By the time he’d completed this relation, our Greyhound bus had drawn close to an onion field in glorious flower, and the old soldier croaked out that working in the onion fields had left him stinking of onion juice, his eyes watering day and night. After a week the onion juice was literally under his skin. (I thought of what Officer Murray had said: When you get people out of an onion field, you wanna roll your windows down.) No matter how long he bowed beneath the showerhead, scrubbing himself red, the onion smell kept oozing out of him so that he stank even to himself and coughed himself to sleep. Eventually he began to bring up blood from too much coughing.

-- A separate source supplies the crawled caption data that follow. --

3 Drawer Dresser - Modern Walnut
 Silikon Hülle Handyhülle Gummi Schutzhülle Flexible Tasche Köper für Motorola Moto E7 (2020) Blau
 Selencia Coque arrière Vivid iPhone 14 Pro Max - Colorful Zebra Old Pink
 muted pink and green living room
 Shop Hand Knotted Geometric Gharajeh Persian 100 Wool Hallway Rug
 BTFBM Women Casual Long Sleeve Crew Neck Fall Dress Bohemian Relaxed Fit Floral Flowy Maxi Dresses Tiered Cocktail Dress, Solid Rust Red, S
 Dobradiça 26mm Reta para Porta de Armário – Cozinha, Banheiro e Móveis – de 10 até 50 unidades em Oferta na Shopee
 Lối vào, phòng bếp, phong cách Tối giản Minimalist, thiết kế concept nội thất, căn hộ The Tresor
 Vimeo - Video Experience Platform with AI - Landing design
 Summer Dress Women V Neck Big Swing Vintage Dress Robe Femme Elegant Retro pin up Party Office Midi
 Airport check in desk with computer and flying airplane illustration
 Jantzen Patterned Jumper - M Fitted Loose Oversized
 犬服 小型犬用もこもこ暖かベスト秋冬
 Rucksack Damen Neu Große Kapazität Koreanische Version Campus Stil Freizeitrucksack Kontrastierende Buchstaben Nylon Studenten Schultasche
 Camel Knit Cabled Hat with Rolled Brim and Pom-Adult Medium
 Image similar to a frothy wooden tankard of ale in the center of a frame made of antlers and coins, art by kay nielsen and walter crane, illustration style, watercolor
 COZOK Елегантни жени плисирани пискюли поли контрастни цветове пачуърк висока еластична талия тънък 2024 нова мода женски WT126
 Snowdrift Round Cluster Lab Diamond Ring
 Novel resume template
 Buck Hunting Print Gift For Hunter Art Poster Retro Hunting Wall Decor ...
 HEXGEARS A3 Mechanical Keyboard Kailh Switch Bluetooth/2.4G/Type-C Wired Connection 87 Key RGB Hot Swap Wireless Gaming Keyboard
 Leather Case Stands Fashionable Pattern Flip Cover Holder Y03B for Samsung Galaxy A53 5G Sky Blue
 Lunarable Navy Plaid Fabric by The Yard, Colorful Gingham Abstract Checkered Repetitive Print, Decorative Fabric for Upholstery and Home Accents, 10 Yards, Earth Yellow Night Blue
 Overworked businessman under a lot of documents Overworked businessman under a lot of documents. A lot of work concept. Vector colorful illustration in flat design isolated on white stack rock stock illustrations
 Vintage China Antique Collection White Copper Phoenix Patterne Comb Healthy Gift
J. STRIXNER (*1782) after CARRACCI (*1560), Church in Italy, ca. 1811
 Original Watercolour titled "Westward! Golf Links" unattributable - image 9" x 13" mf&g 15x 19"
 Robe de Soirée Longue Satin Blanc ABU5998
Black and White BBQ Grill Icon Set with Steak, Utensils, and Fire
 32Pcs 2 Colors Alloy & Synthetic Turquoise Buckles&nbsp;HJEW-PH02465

No, I hung it up, the old soldier said. Don’t wanna pick in the fields no more. I got me a ladyfriend, she about forty, forty-five years old. And every morning she drives from El Centro all the way to Yuma. There are four of them people; they share gas. Then she picks. Imagine that, a forty-five-year-old lady and still out there picking! What a tough gal! One time she brought me a cantaloupe from the field. Another time, it was a big watermelon . . .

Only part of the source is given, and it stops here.